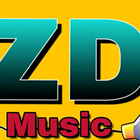 RADIO ZD MUSIC FM icône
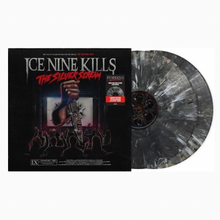 Load image into Gallery viewer, ICE NINE KILLS - THE SILVER SCREAM (2xLP)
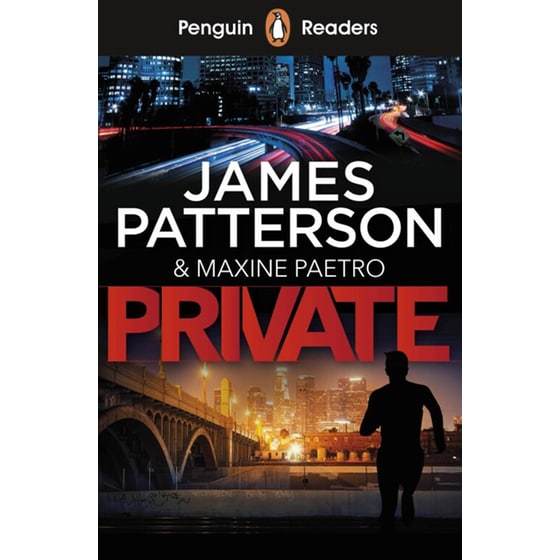 Private- Penguin Reader Level 2 image 0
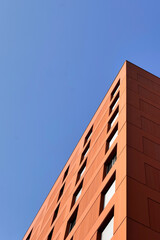 immeuble neuf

-- TASK DETAILS --
Copy all the data exactly as written, but skip any picture.

-- FINISHED EXERCISE --
 RADIO ZD MUSIC FM icône
 Load image into Gallery viewer, ICE NINE KILLS - THE SILVER SCREAM (2xLP)
 Private- Penguin Reader Level 2 image 0
 immeuble neuf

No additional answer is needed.